# WHAT TO PRODUCE
Please transcribe, word for word, only the lines from the one containing "Pink lip gloss" through the last line of the records below, both included, and leave out every picture.

[Image-caption web data]
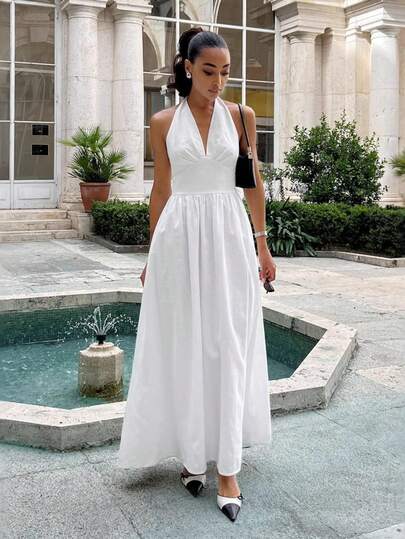 Vestido largo algodón cuello V con lazos, cintura marcada estilo moda primavera verano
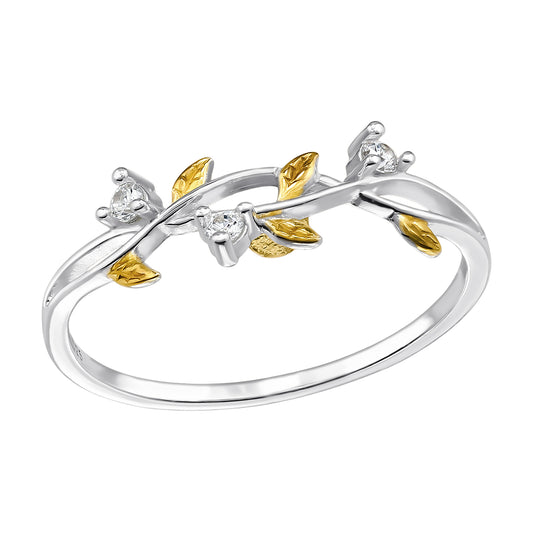 Sterling silver Leaf Two-Tone ring by Belumiee featuring a detailed leaf design and mixed metal finish.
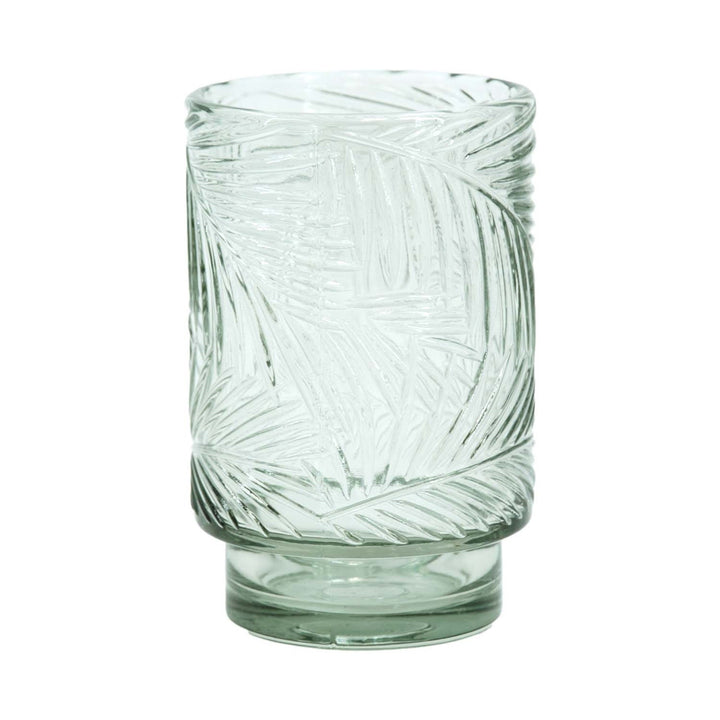 Fern glass jar embossed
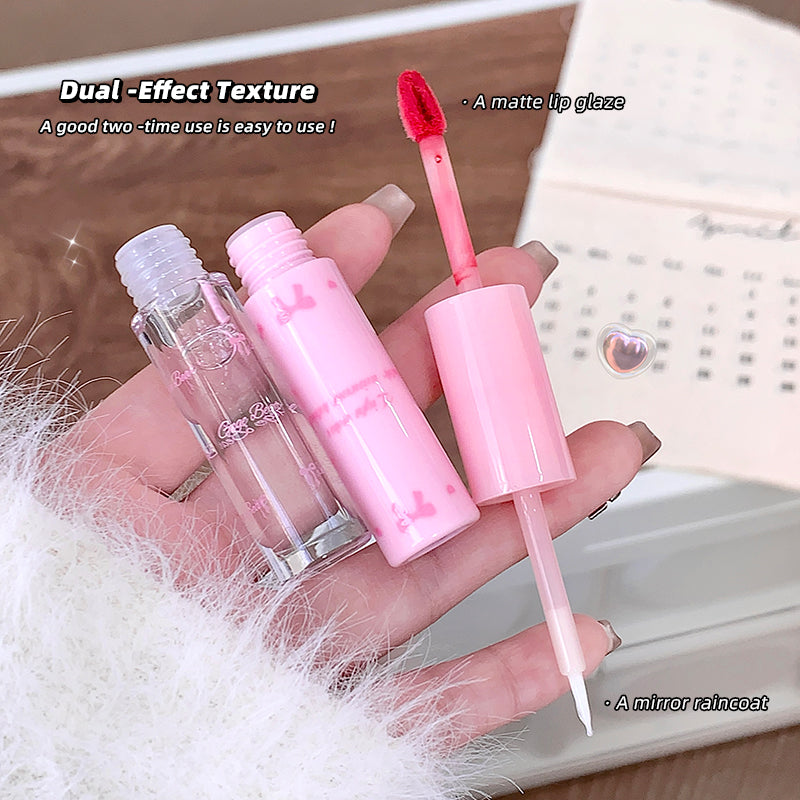 Pink lip gloss with applicator held in a hand, labeled 'Dual-Effect Texture' and 'A matte lip glaze'.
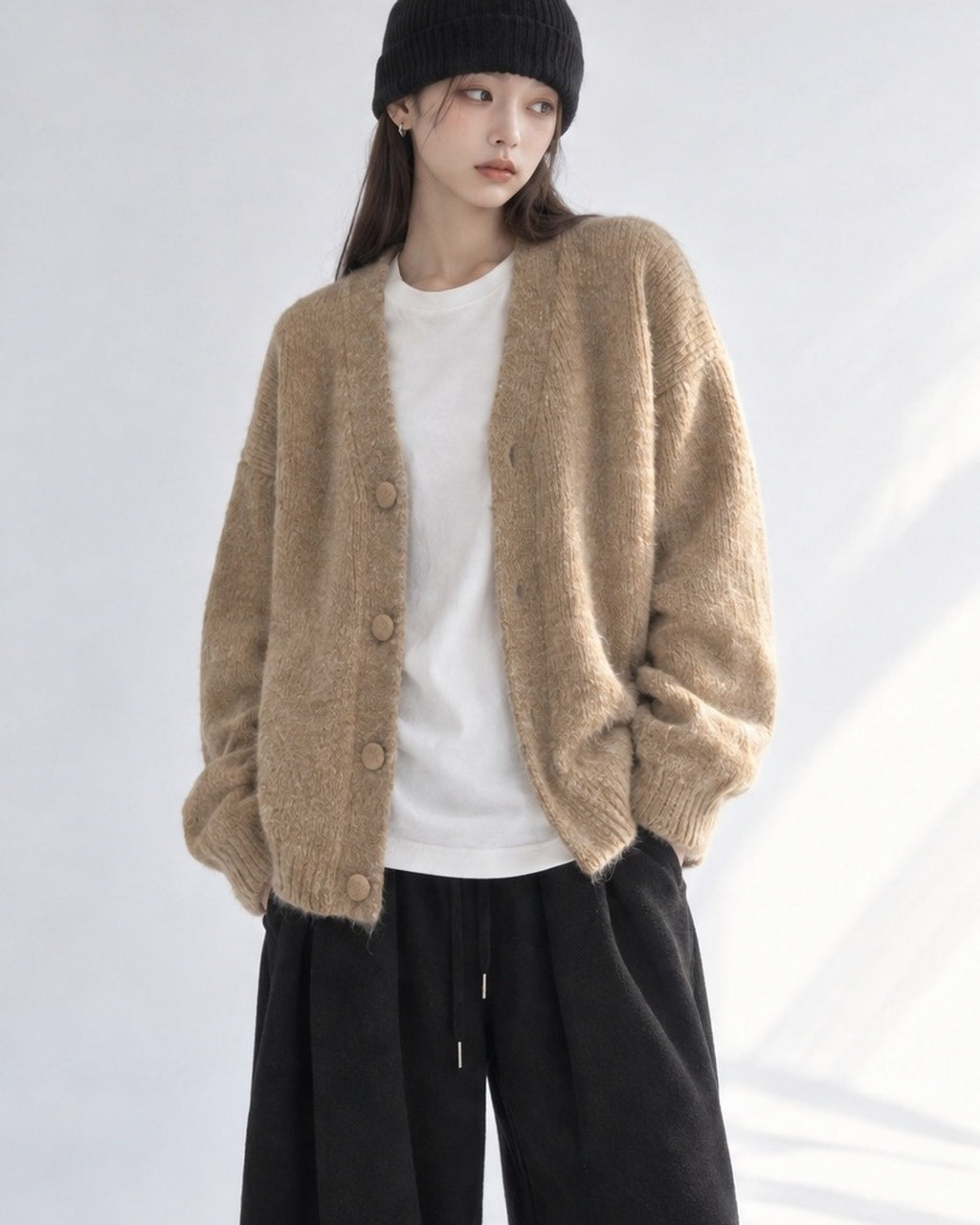 (UNISEX) Bulky Brush Wool Cardigan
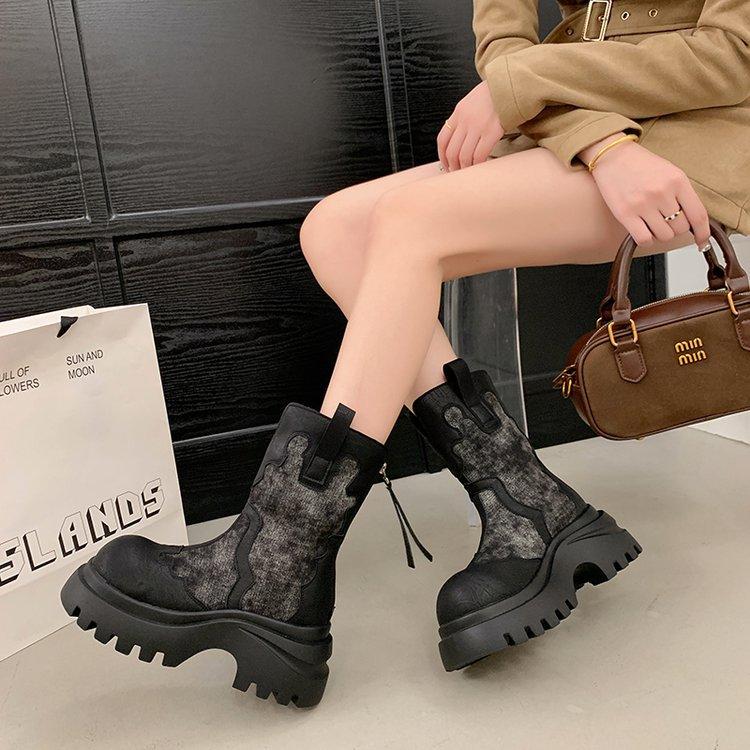 National Style 2025 Autumn New Single-layer Leather with Cloth Thick-soled Denim Fashion Explosion Martin Boots Children's Round Head Short Boots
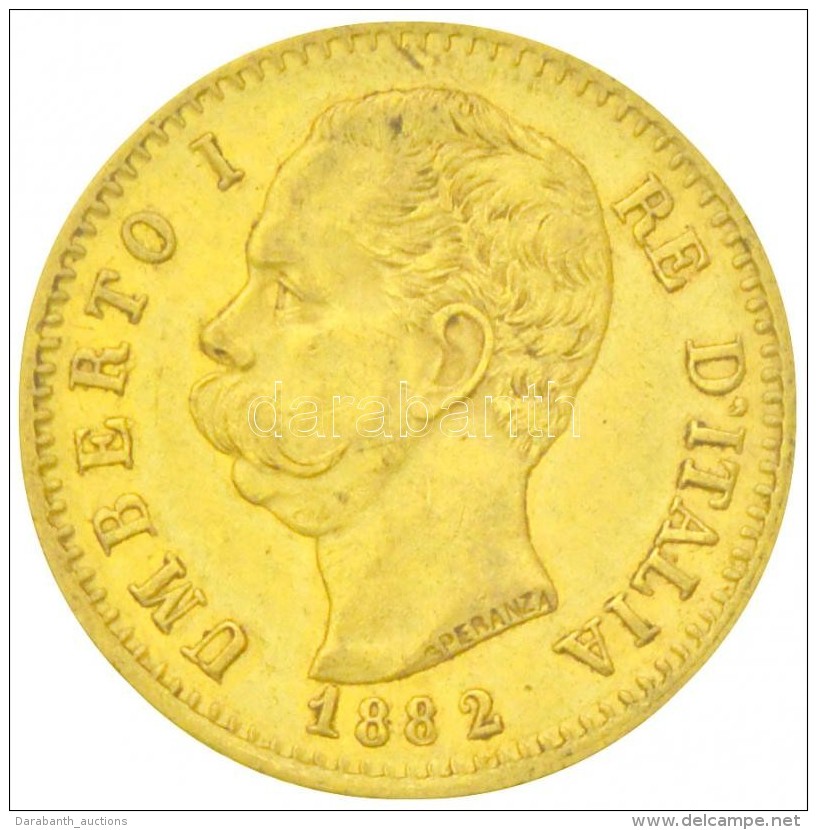 Olaszország 1882R 20L Au 'I. Umberto' (6,44g/0.900) T:2 Kis Ph. 
Italy 1882R 20 Lire Au 'Umberto I'... - Unclassified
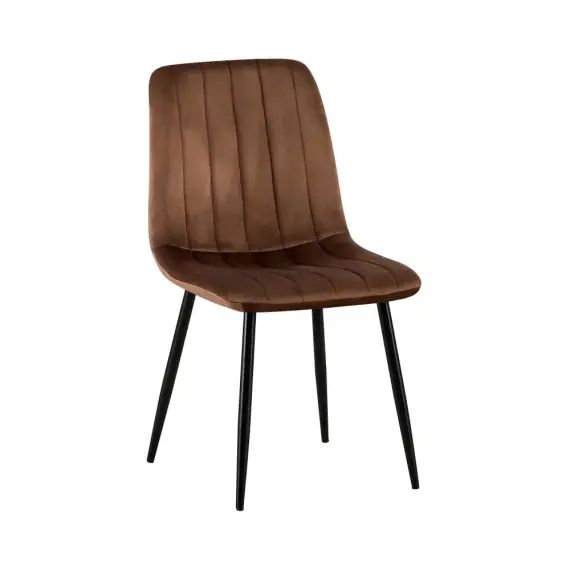 Chaise de salle à manger avec pieds métal assise en velours Marron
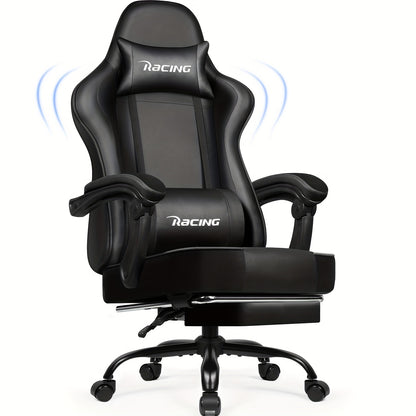 Ergonomic Gaming Chair with Footrest – Gronfont Recliner with Lumbar &amp; Headrest Support, Swivel Base, and Height Adjustment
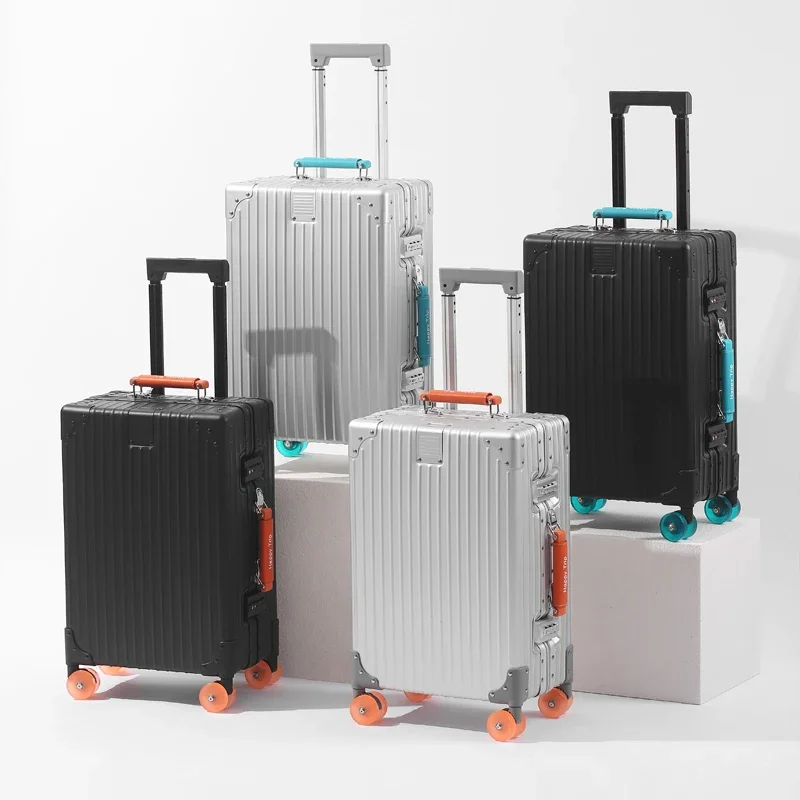 

Aluminum-magnesium Alloy Suitcase 20-inch Carry-on Luggage Sit-on Suitcase with Lock, 28-inch Telescopic Handle Rolling Luggage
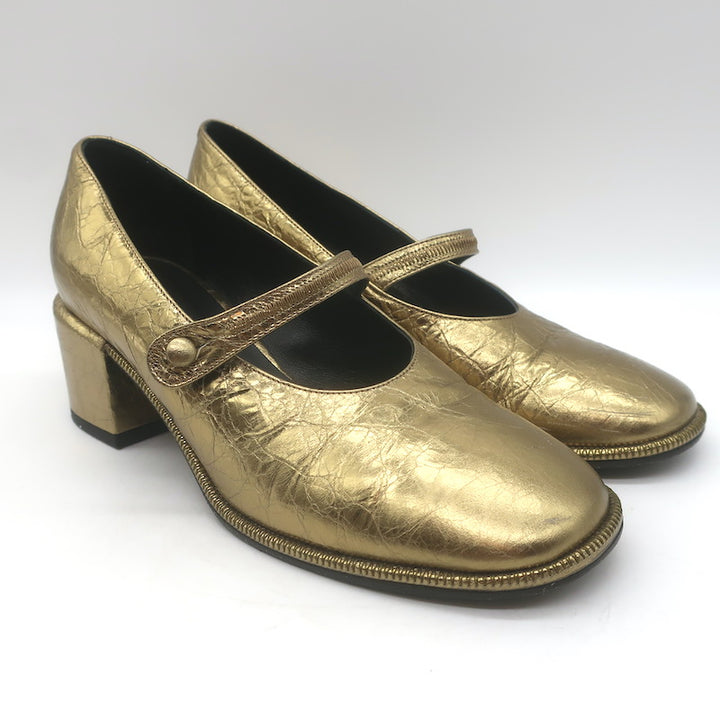 Sam Reychler Heeled Mary Janes Old Gold Metallic Leather Size 37.5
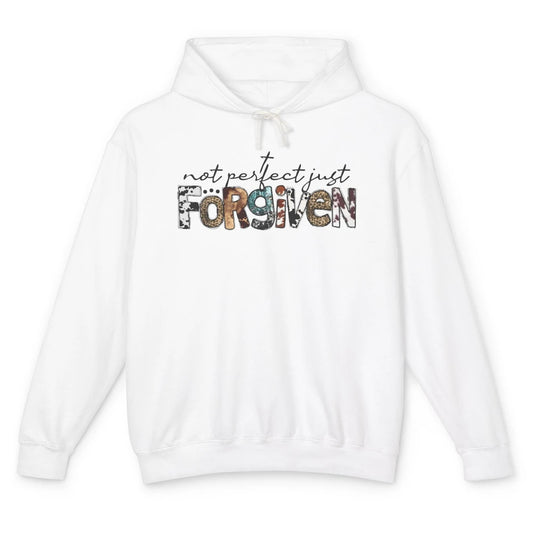 Leopard Not Perfect Just Forgiven Christian Western Country Unisex Lightweight Hoodie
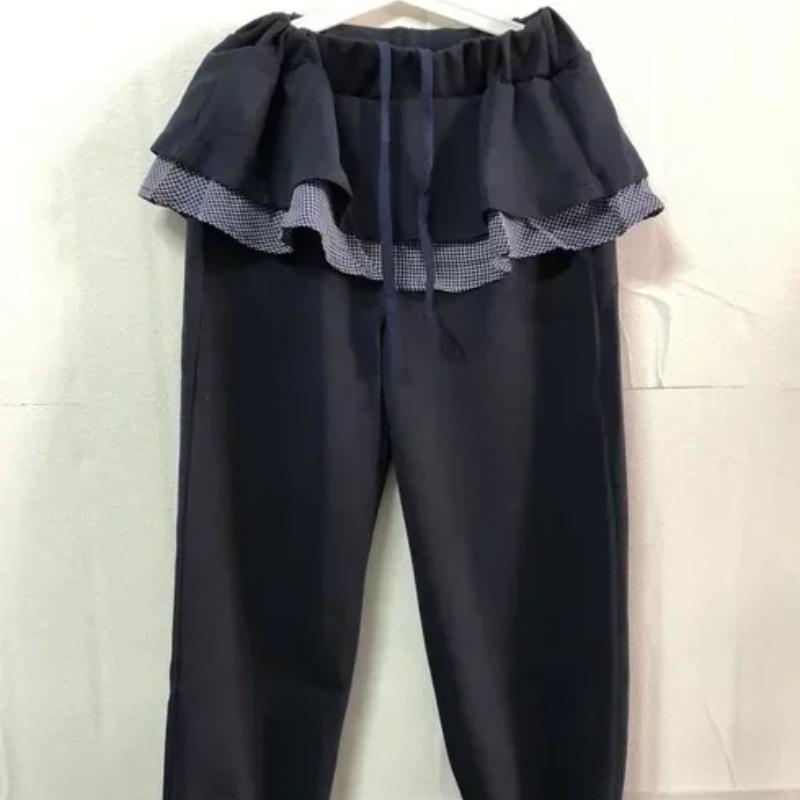 European and American Women's Autumn and Winter Cute Small Grid Lotus Leaf Patchwork Skirt Pants Elastic Waist Casual Pants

# FINAL ANSWER
 Pink lip gloss with applicator held in a hand, labeled 'Dual-Effect Texture' and 'A matte lip glaze'.
 (UNISEX) Bulky Brush Wool Cardigan
 National Style 2025 Autumn New Single-layer Leather with Cloth Thick-soled Denim Fashion Explosion Martin Boots Children's Round Head Short Boots
 Olaszország 1882R 20L Au 'I. Umberto' (6,44g/0.900) T:2 Kis Ph. 
Italy 1882R 20 Lire Au 'Umberto I'... - Unclassified
 Chaise de salle à manger avec pieds métal assise en velours Marron
 Ergonomic Gaming Chair with Footrest – Gronfont Recliner with Lumbar &amp; Headrest Support, Swivel Base, and Height Adjustment

Aluminum-magnesium Alloy Suitcase 20-inch Carry-on Luggage Sit-on Suitcase with Lock, 28-inch Telescopic Handle Rolling Luggage
 Sam Reychler Heeled Mary Janes Old Gold Metallic Leather Size 37.5
 Leopard Not Perfect Just Forgiven Christian Western Country Unisex Lightweight Hoodie
 European and American Women's Autumn and Winter Cute Small Grid Lotus Leaf Patchwork Skirt Pants Elastic Waist Casual Pants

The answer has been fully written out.